Making Connections: Primary Texts to Themes

Title

Making Connections: Primary Texts to Themes

Description This is a brainstorming activity to allow students to make scholarly connections between a primary text and related themes, historical or social connections, and relevant disciplines. This activity works well for research assignments that take a literary, or primary text, analysis approach.
Steps
  1. Prior to the library session, ask students to select a theme and a text that they’re interested in
  2. In the library session, show students an example of a completed connections map on a topic/text that relates to a topic or text that they’ve studied in class. Talk through the sections on the map
  3. Pass out worksheet and ask students to take 10 minutes brainstorming connections between their selected primary text and sub-themes, historical, social, theoretical, and disciplinary connections
  4. As a class, work through one example from a student’s topic. Ask other students to give feedback
  5. Ask students to keep the worksheet, so they can add to it during the class. Remind students that research is a complex, iterative, and messy process, so their topics may evolve as they begin reading sources
Tags  pre-assignment; in-class; refining-topic
Variations This activity could be adapted for works of art, images, ads, artifact, music, etc.
Time  20 minutes
Attachments noun_229116Connections Worksheet; noun_204955Connections (Example)

Mapping a Topic

Title

Mapping a Topic

Description This is a brainstorming activity to allow students to think about aspects of their topic that they may need to explore in their research.

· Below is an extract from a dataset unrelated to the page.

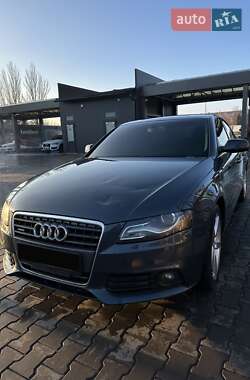 Седан Audi A4 2010 в Кривом Роге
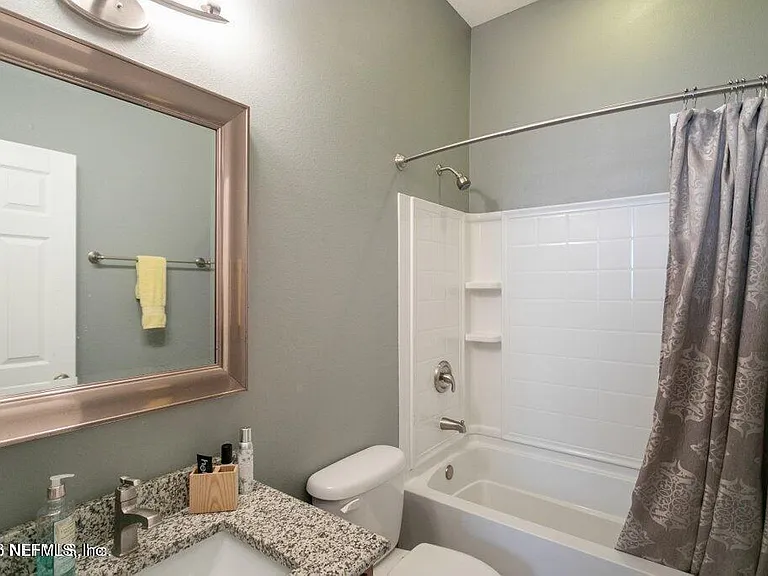 6217 Eclipse Cir — Photo 14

The map prompts students to think about the who, what, where, when components of their topic, as well as asking them to think broadly and narrowly on aspects of their topic that they might want to research.
Steps
  1. Show students an example of a completed topic map (see example below) on something related to class
  2. Pass out worksheet and ask students to take 10 minutes brainstorming connections between their core topic area and the related sub-topics & and specific details they may need to explore in their research
  3. As a class, work through one example from a student’s topic. Ask other
    students to give feedback
  4. Ask students to keep the worksheet, so they can add to it during the class
Tags  Refining-topic; In-class
Time  20 minutes
Attachments noun_229116Mapping a Topic Worksheet; noun_204955Mapping a Topic (example)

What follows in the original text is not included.